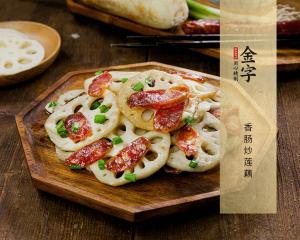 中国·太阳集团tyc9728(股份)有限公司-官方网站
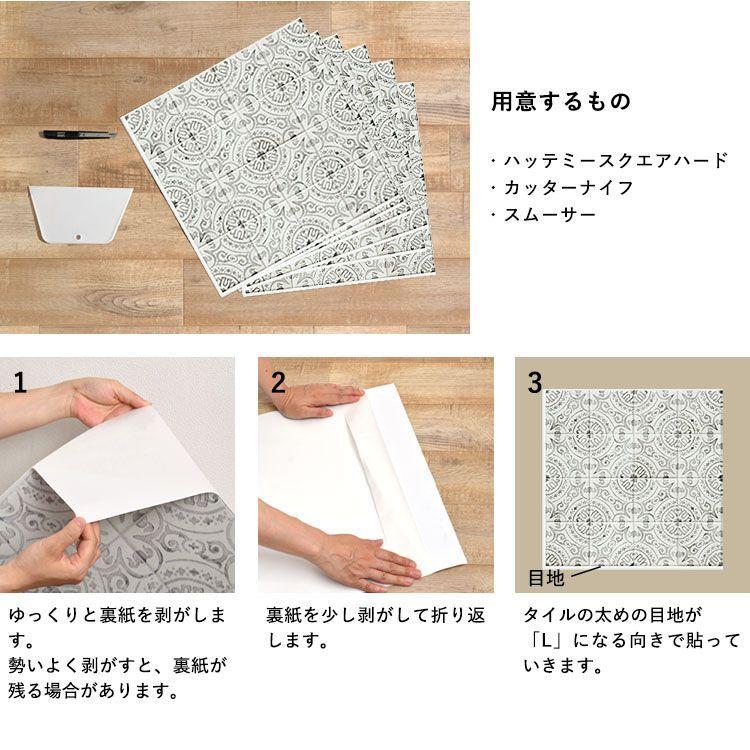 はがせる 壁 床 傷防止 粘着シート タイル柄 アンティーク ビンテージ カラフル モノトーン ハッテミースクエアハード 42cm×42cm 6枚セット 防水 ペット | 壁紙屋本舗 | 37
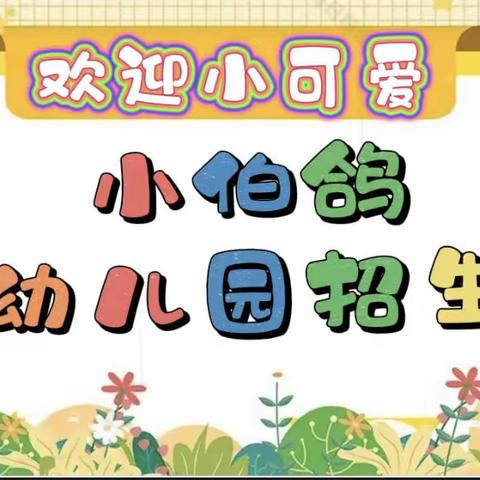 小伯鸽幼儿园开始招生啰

* **Work to complete**: Keep pictures out and return the lines from the one containing "はがせる 壁 床 傷防止" through the end of the listing, both included, character for character.

* **Result of this task**:
 はがせる 壁 床 傷防止 粘着シート タイル柄 アンティーク ビンテージ カラフル モノトーン ハッテミースクエアハード 42cm×42cm 6枚セット 防水 ペット | 壁紙屋本舗 | 37
 小伯鸽幼儿园开始招生啰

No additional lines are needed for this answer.